PROBLEM DETAILS: In the entries that follow, the lines from the line containing "El Cuervo Away" up to and including the line containing "Skechers sneakers maat" must be copied exactly, with pictures omitted.

==== RECORD SET

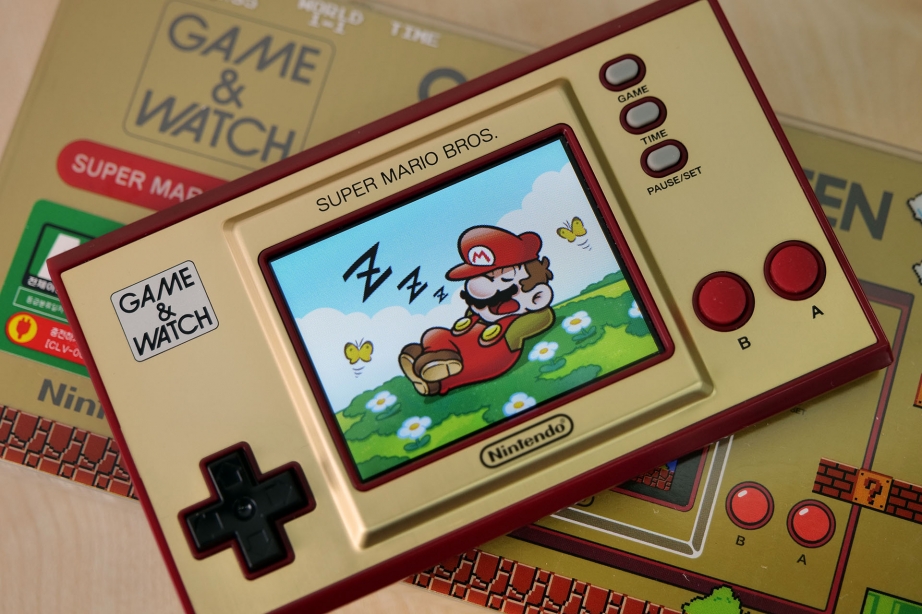 nintendo_game_and_watch_mario_unboxing_pic2.jpg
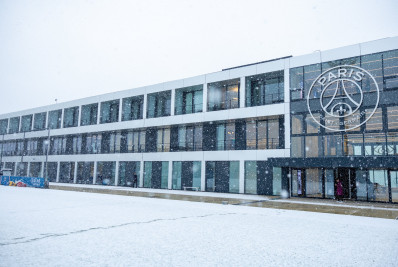 Vídeo: PSG inaugura novo CT de R$ 2 bilhões com show de luzes, fogos e drones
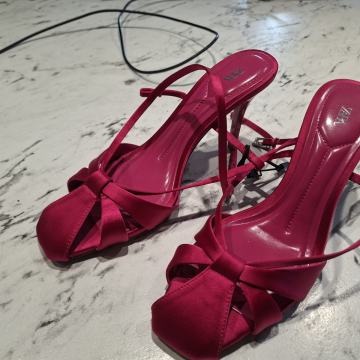 Nove zara sandale vel 36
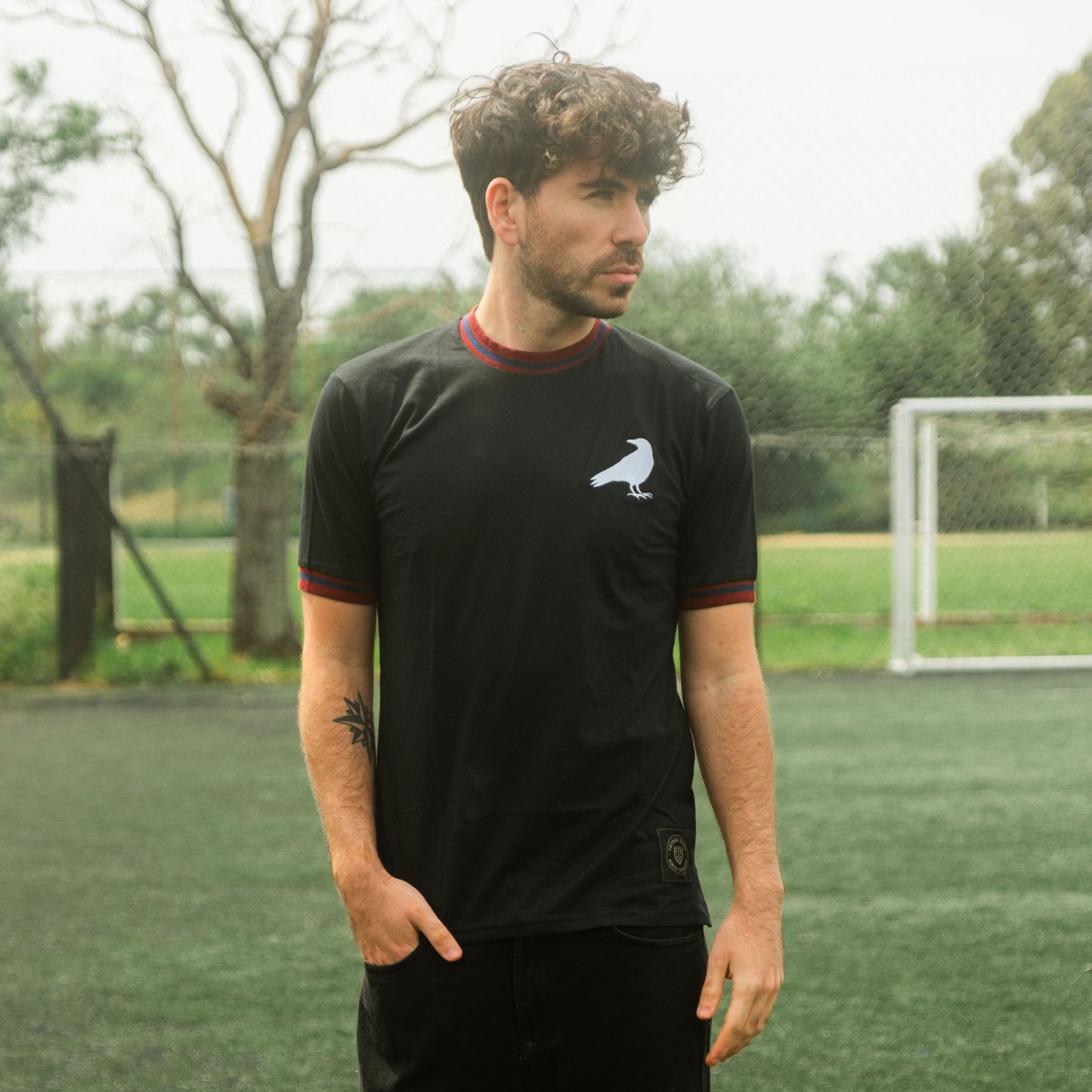 El Cuervo Away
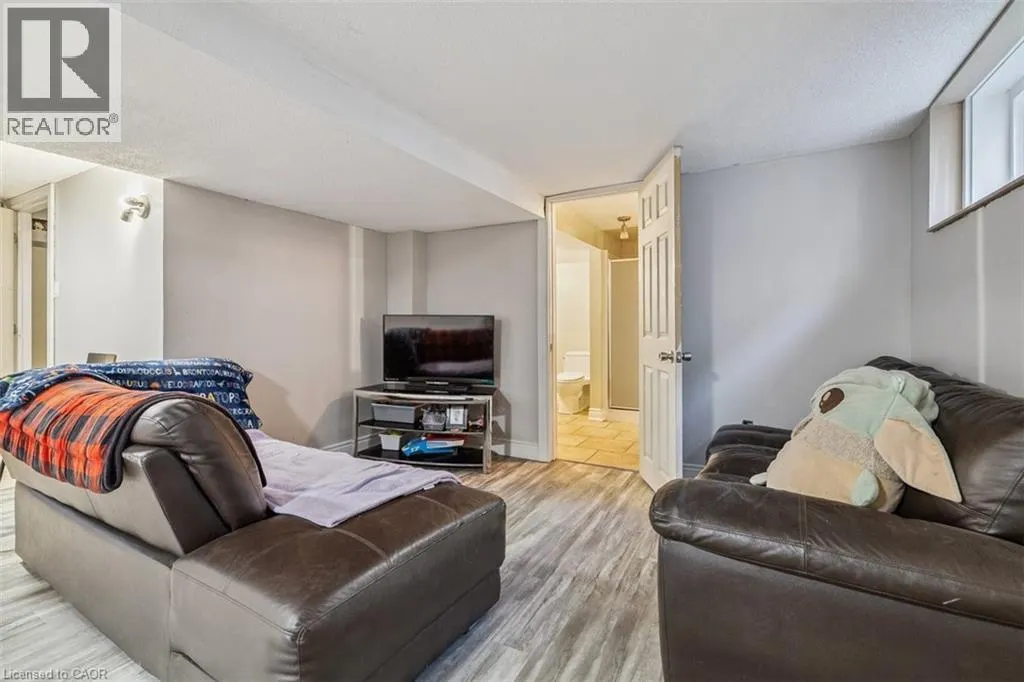 8 WAVELL Avenue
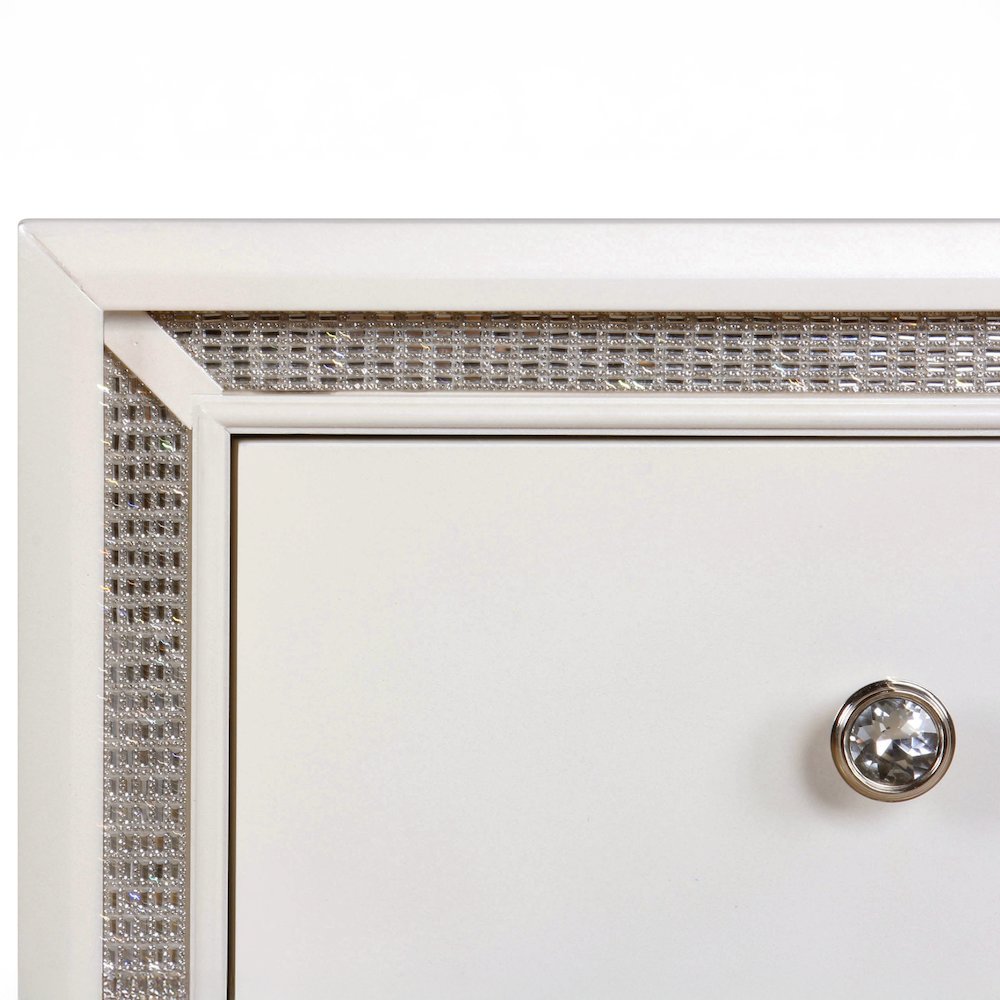 Cassie 4-Piece King Bedroom Set. Picture 9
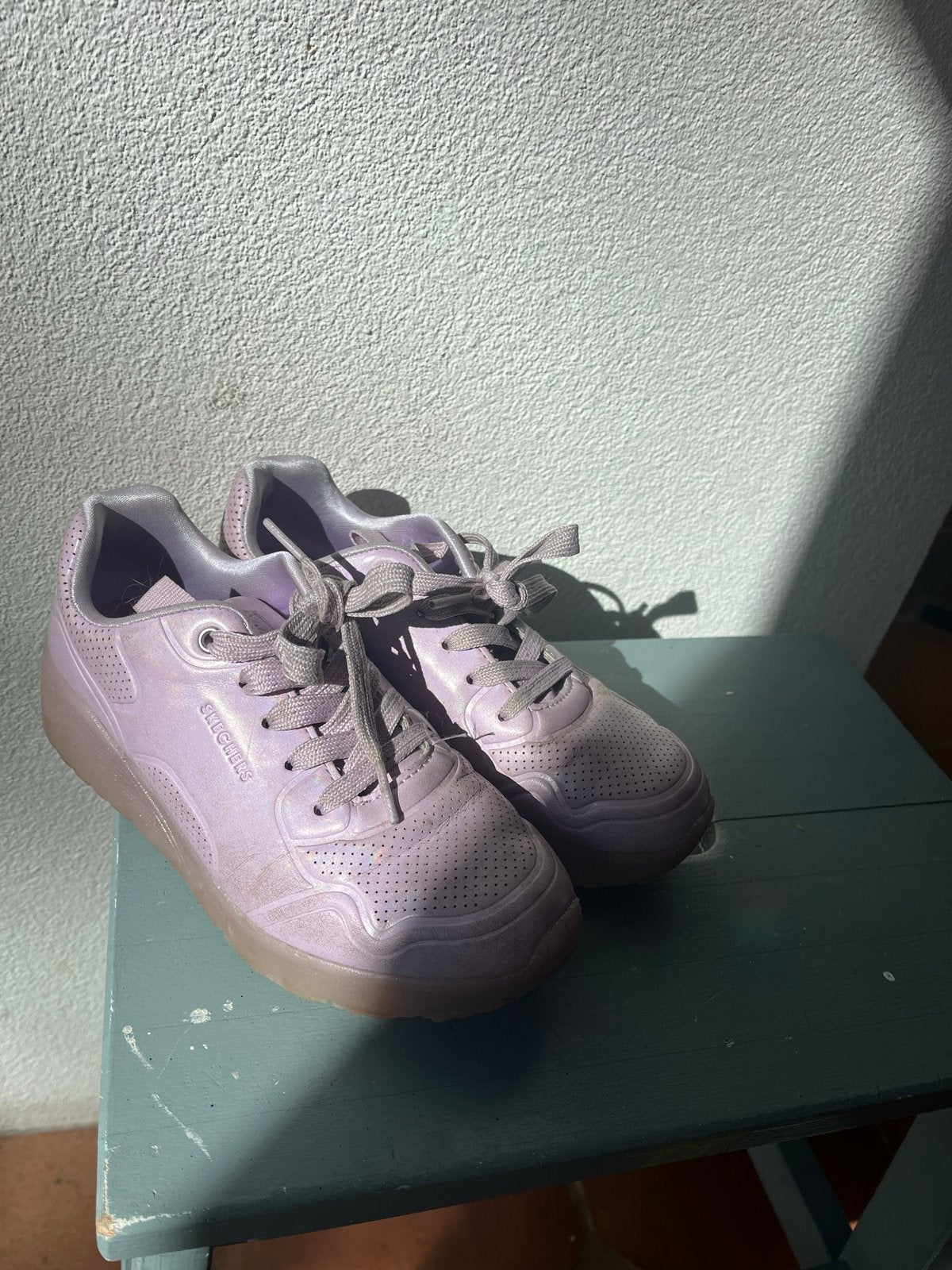 Skechers sneakers maat 34 - Lichtpaars, Ophalen of Verzenden, Gedragen, Overige kleuren, Sneakers of Gympen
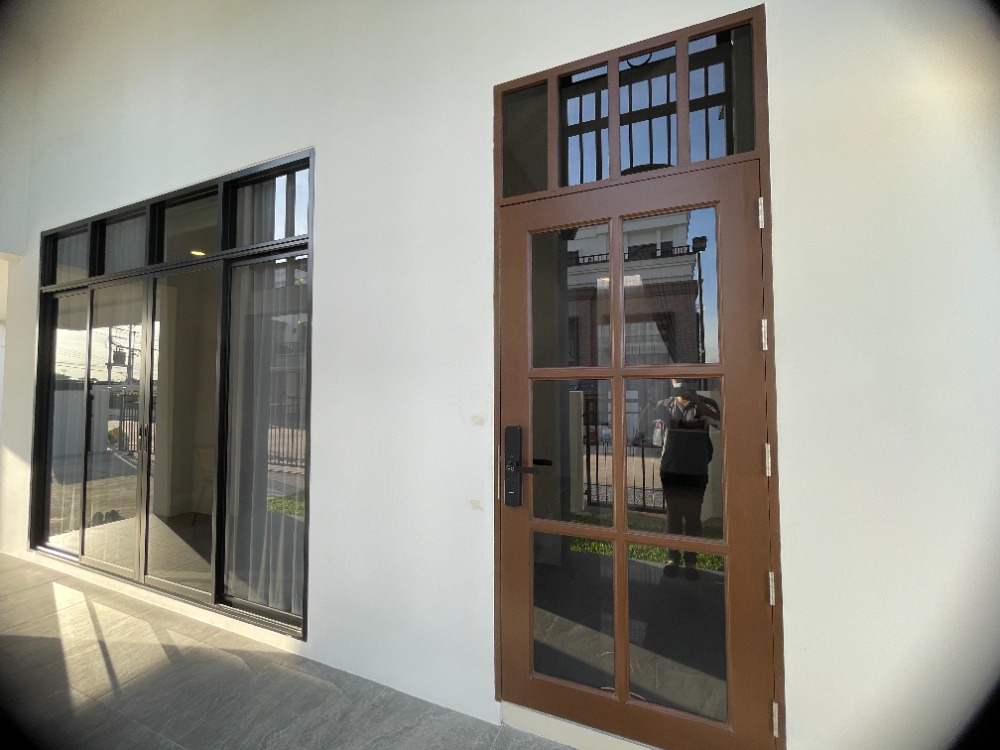 For SaleHousePathum Thani,Rangsit, Thammasat : Luxury 3-storey detached house for sale, Baan Nara Wongwaen-Ramintra, Modern European style, fully furnished. Near the entrance to the Chalong Rat Expressway (Chatuchot checkpoint), Fashion Island and The Promenade, Synphaet Hospital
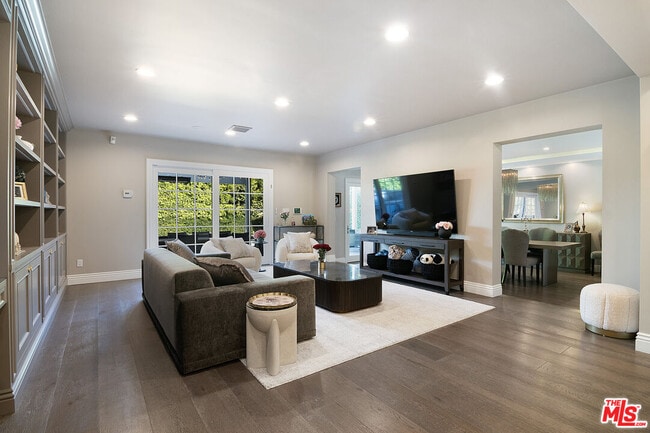 Building Photo - 9145 Sawyer St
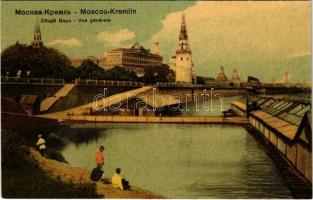 Moscow, Moskau, Moscou; Maison au style russe / Vue generale, Kremlin. Knackstedt & Näther 1060.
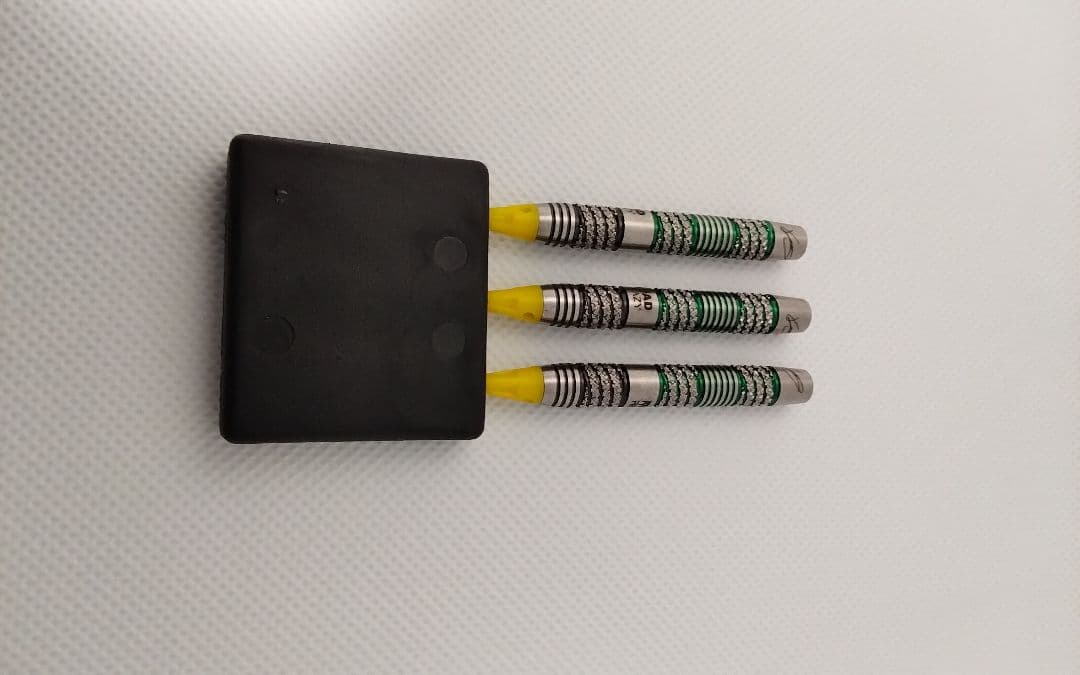 TRiNiDADリカルド×レイジー!コラボ!極美品!ダーツセット22g - メルカリ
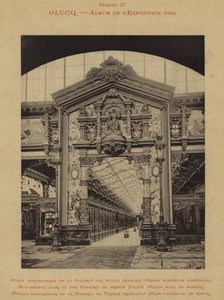Monumentaltür der Galerie französischer Stoffe, Große Ehrenhalle von (after) French Photographer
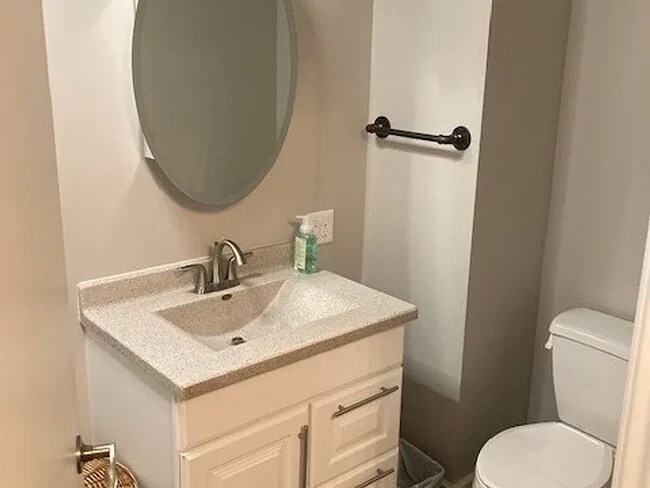 Foto del edificio - 309 W Charles St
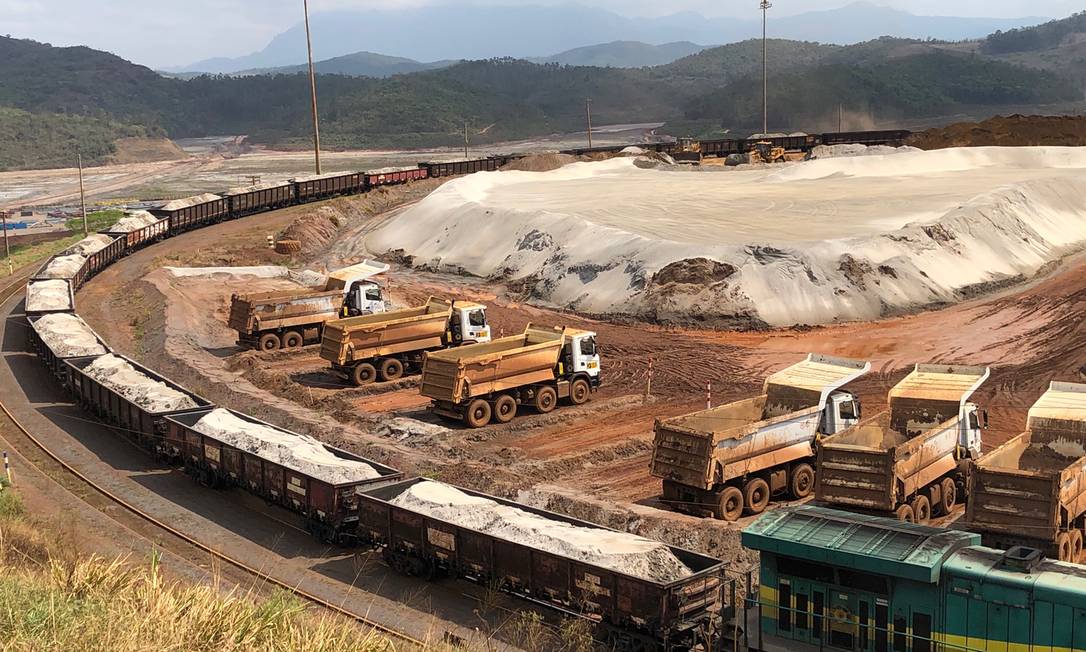 O pátio de estocagem na mina de Brucutu (MG), onde a Vale iniciou a produção de areia para uso na construção civil Foto: Divulgação
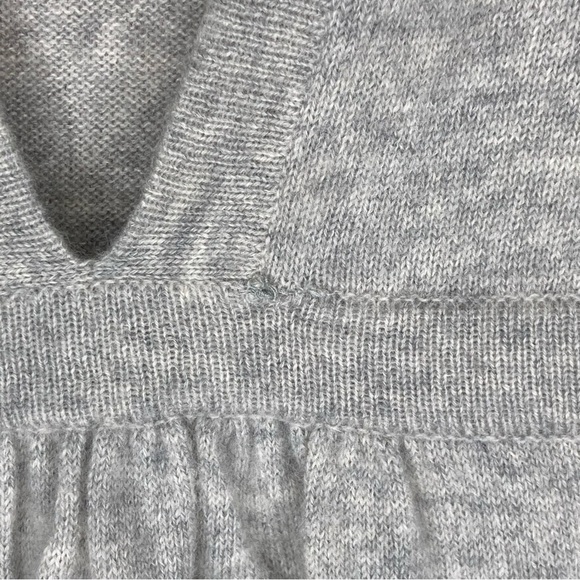 J Crew Cashmere V-Neck Sweater Tee Top Blouse-Women’s M-Gray-Mature-Classic-GUC - Picture 6 of 11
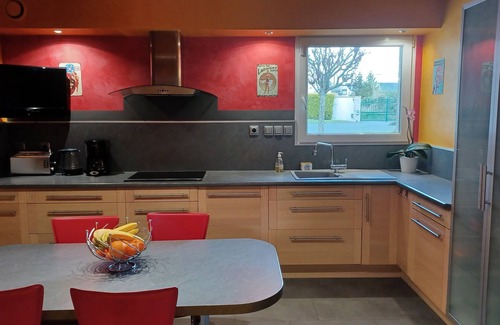 Saint-Alban House | Family home with heated indoor pool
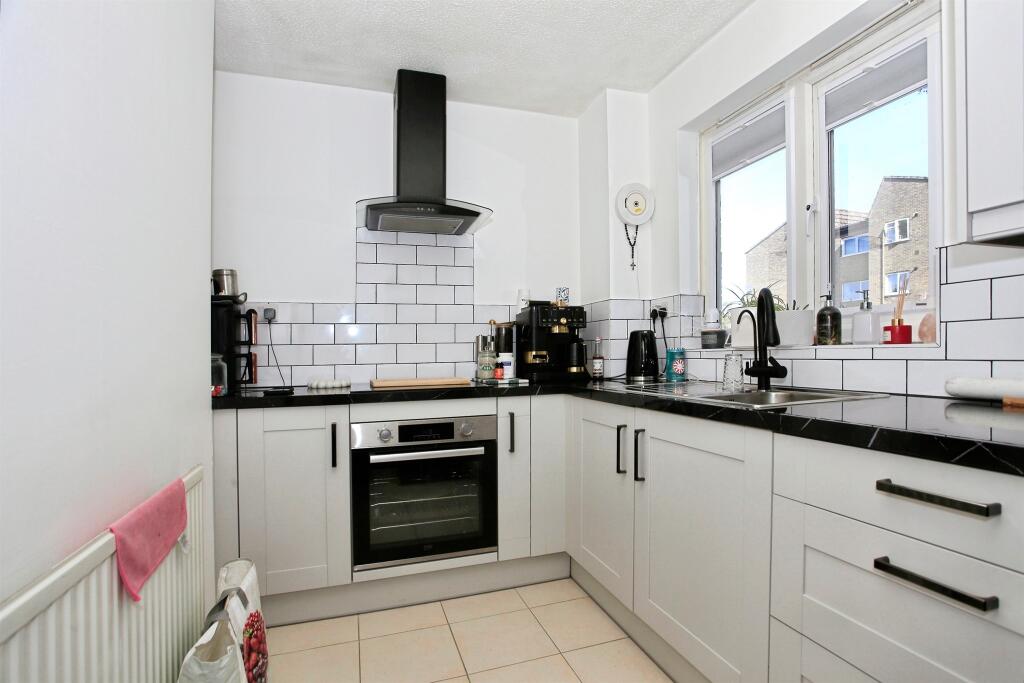 Apartment in Peterborough, Bretton - View 5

========

EXERCISE SOLUTION:
 El Cuervo Away
 8 WAVELL Avenue
 Cassie 4-Piece King Bedroom Set. Picture 9
 Skechers sneakers maat 34 - Lichtpaars, Ophalen of Verzenden, Gedragen, Overige kleuren, Sneakers of Gympen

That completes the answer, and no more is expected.